昔、筒井康隆が作家協会を脱退した時、中上健治と柄谷コウジンと一緒だったんだけど、あれってたまたま3人が坂口安吾の記念講演で一緒になったときに、話がまとまったということがあった。

今から考えると、坂口安吾と筒井康隆ってつながるものがある。坂口安吾は評論はすばらしいのだけれど、小説はその力を生かしきれなかったというところがあると思う。

「不連続殺人事件」なんて、あれを推理小説の枠組みを使わないで書けたなら、もっとよかったと思うのだけれど、個人の力が足りなかったというのはしょうがない。

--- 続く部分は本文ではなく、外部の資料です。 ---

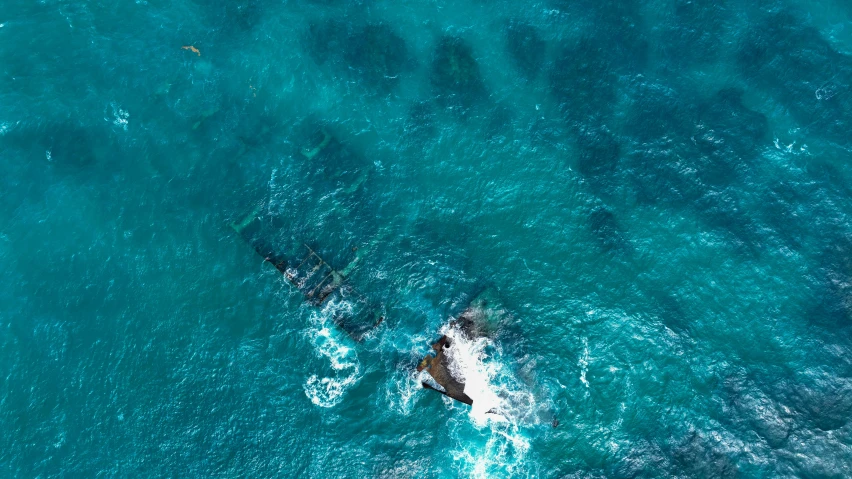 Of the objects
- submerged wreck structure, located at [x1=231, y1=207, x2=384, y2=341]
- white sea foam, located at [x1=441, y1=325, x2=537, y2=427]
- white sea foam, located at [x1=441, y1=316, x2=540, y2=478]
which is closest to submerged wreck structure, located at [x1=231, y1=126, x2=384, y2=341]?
submerged wreck structure, located at [x1=231, y1=207, x2=384, y2=341]

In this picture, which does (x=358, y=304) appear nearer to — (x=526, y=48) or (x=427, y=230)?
(x=427, y=230)

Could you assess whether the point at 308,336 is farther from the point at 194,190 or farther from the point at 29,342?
the point at 29,342

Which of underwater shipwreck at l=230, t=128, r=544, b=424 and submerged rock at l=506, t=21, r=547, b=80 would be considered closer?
underwater shipwreck at l=230, t=128, r=544, b=424

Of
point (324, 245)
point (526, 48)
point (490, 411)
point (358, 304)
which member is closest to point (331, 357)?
point (358, 304)

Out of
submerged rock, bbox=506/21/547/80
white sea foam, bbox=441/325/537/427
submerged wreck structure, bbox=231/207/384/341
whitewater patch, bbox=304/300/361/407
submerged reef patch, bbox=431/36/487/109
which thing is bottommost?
whitewater patch, bbox=304/300/361/407

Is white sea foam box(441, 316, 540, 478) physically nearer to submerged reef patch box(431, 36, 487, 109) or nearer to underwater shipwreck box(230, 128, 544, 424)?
underwater shipwreck box(230, 128, 544, 424)

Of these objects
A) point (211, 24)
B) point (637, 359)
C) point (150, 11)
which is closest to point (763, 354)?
point (637, 359) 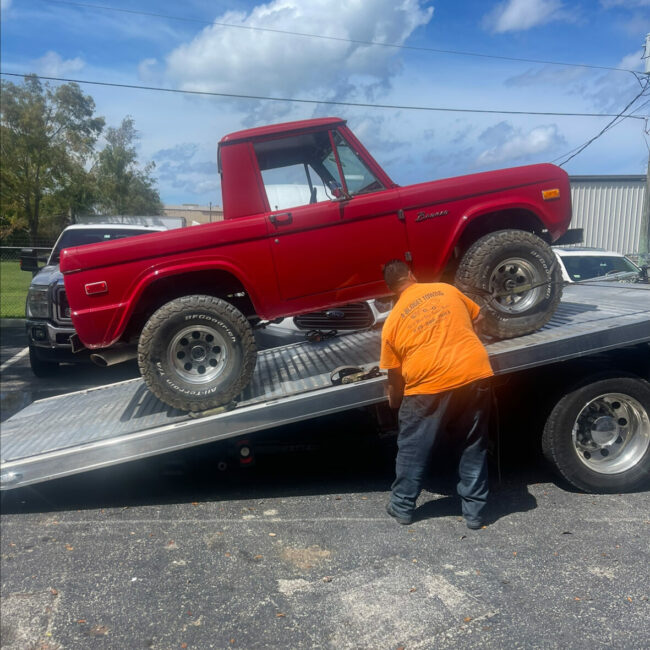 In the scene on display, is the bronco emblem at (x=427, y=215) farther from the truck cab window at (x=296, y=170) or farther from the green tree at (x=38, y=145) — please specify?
the green tree at (x=38, y=145)

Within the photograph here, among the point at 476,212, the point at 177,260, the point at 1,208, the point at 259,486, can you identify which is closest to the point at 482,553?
the point at 259,486

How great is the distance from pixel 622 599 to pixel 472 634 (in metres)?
0.89

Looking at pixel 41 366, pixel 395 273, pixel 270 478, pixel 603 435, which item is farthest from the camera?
pixel 41 366

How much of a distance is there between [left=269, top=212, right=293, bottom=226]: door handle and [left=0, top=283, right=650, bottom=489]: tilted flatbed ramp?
1160 mm

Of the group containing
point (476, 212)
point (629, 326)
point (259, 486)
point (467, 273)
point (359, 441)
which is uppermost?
point (476, 212)

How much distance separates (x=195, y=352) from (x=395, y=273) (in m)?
1.51

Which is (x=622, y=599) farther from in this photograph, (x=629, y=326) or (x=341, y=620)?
(x=629, y=326)

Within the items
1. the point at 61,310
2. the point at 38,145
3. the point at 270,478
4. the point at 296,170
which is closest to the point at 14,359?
the point at 61,310

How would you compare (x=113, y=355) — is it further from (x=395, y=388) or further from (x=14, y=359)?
(x=14, y=359)

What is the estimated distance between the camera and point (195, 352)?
14.4 ft

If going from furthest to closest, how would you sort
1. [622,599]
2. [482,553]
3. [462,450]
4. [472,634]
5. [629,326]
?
[629,326] → [462,450] → [482,553] → [622,599] → [472,634]

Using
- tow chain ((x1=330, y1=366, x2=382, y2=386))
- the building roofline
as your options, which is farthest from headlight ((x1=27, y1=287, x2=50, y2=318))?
the building roofline

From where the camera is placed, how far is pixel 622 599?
10.6 feet

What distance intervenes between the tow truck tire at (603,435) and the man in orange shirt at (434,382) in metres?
0.71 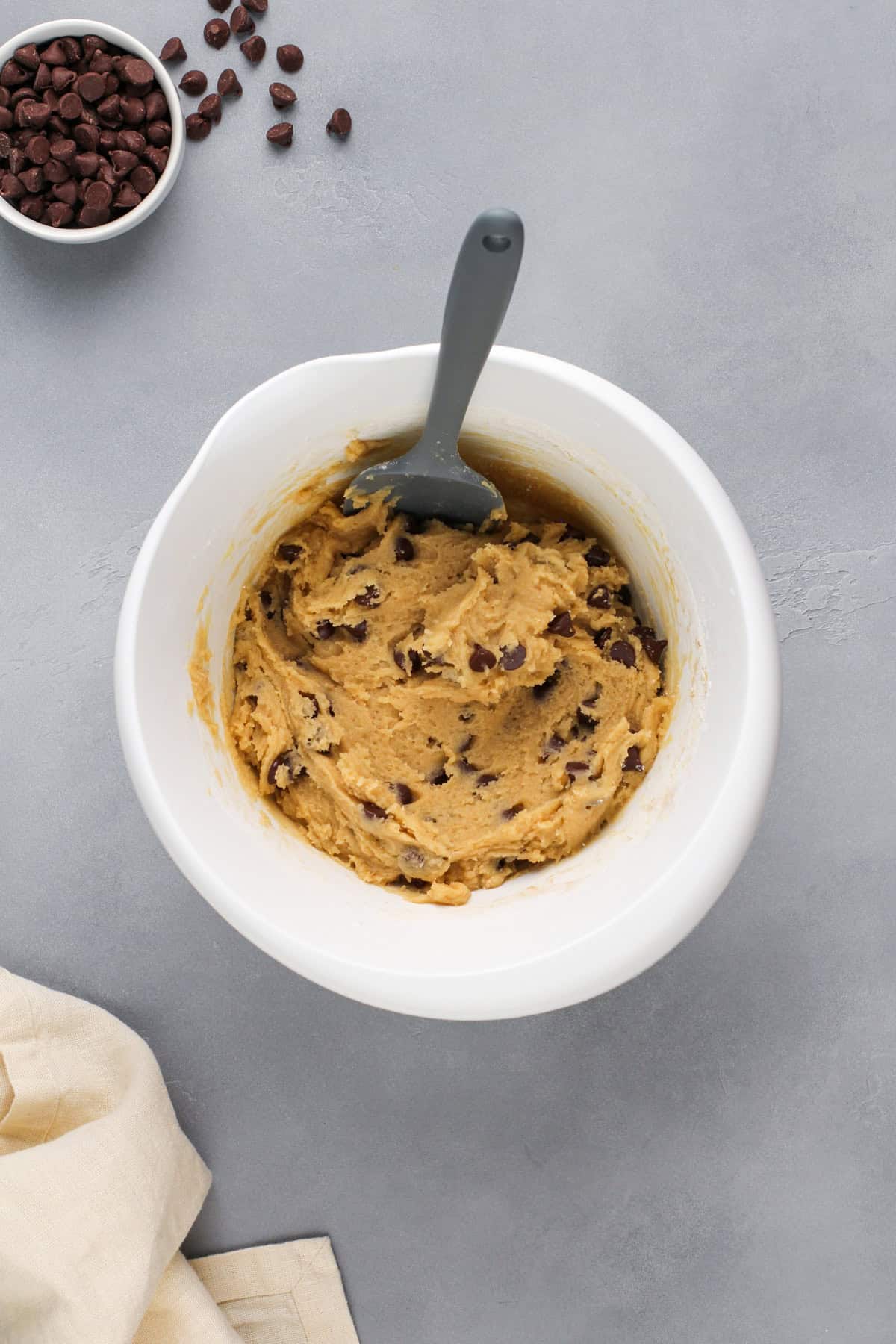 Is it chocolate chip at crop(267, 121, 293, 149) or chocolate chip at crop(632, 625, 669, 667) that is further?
chocolate chip at crop(267, 121, 293, 149)

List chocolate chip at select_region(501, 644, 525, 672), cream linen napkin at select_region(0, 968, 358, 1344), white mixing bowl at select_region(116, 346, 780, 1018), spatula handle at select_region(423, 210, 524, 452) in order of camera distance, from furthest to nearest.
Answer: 1. cream linen napkin at select_region(0, 968, 358, 1344)
2. chocolate chip at select_region(501, 644, 525, 672)
3. white mixing bowl at select_region(116, 346, 780, 1018)
4. spatula handle at select_region(423, 210, 524, 452)

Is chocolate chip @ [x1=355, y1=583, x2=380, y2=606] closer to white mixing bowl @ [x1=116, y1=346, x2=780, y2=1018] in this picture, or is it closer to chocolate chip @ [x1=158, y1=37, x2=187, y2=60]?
white mixing bowl @ [x1=116, y1=346, x2=780, y2=1018]

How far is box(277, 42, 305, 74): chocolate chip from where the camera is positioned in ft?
5.13

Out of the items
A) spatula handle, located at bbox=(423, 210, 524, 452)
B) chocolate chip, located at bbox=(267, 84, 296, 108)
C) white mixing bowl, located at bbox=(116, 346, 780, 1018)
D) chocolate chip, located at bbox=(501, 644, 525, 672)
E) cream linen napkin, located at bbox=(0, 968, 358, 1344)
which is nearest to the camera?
spatula handle, located at bbox=(423, 210, 524, 452)

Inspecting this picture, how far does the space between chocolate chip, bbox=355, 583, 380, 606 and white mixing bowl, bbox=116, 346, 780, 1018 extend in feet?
0.45

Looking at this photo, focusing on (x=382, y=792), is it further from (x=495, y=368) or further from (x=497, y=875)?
(x=495, y=368)

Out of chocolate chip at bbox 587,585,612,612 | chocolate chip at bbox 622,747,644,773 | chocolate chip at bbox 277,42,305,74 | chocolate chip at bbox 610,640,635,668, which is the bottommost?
chocolate chip at bbox 622,747,644,773

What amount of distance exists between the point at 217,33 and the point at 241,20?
1.6 inches

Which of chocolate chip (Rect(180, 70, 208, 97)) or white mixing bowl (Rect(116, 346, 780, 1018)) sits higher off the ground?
chocolate chip (Rect(180, 70, 208, 97))

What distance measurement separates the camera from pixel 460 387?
3.66ft

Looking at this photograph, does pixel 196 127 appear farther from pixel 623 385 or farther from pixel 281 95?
pixel 623 385

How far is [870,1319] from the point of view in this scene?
162 centimetres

個人が評論も小説も何でも出来るとは限らないから。

筒井康隆は坂口安吾の足りないところを突き詰めたということはあるんじゃないだろうか。   

読書って、山登りとかマラソンとかと似たような感じがあって、なんだか駆り立てられてやるなんていうのがあると思う。
楽して暇を潰すなら、映画を見たり、ゲームやったりで十分だ。あえて歩いたり走ったり、目で文字を追ったりとか正直疲れる。

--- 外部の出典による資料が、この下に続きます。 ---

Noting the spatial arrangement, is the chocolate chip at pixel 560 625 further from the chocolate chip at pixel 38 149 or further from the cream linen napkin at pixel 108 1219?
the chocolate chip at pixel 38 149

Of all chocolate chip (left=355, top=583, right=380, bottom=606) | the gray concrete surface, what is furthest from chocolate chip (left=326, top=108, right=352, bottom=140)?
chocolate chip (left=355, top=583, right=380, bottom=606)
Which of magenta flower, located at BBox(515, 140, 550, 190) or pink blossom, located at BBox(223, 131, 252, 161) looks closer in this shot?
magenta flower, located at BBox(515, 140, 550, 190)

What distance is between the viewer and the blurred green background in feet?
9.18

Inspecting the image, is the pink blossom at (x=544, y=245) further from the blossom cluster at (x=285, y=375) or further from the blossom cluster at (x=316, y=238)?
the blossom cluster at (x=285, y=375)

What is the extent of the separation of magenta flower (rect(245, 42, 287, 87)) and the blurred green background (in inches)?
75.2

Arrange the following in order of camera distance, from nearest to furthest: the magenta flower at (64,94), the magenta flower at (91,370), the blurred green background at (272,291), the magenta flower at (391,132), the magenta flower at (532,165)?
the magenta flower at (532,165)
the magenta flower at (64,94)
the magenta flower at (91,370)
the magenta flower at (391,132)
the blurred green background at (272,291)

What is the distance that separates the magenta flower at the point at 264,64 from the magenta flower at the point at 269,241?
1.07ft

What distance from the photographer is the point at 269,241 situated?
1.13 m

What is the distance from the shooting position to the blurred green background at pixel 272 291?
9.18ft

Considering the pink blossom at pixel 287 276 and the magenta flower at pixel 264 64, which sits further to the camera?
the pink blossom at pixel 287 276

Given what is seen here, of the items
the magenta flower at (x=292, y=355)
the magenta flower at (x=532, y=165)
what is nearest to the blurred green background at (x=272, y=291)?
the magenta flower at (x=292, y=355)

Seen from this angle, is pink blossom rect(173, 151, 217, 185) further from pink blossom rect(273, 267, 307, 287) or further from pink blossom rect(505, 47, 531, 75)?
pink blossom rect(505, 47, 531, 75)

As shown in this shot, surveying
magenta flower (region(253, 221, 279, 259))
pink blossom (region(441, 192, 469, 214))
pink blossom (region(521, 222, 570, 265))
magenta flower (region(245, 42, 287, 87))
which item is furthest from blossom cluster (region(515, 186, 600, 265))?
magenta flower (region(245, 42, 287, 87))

人前で本を読むなんてかっこつけているだけだ、なんていう言説も広い意味では正しいだろう。

今日本屋に言ったら、筒井康隆の「虚構船団」があって買っちゃった。懐かしい。虚構船団はもう25年ぐらい前の発表作だろう。私が二十歳のころ読んだ。中学生のころ、筒井康隆が好きで、東海道戦争とか笑うなとか読んでいた。ただし、30年前に読んだ小説をもう一度年末年始にゆっくり読むというのは、もう駆り立てられる世界からすこしずれているところにあるだろうとは思う。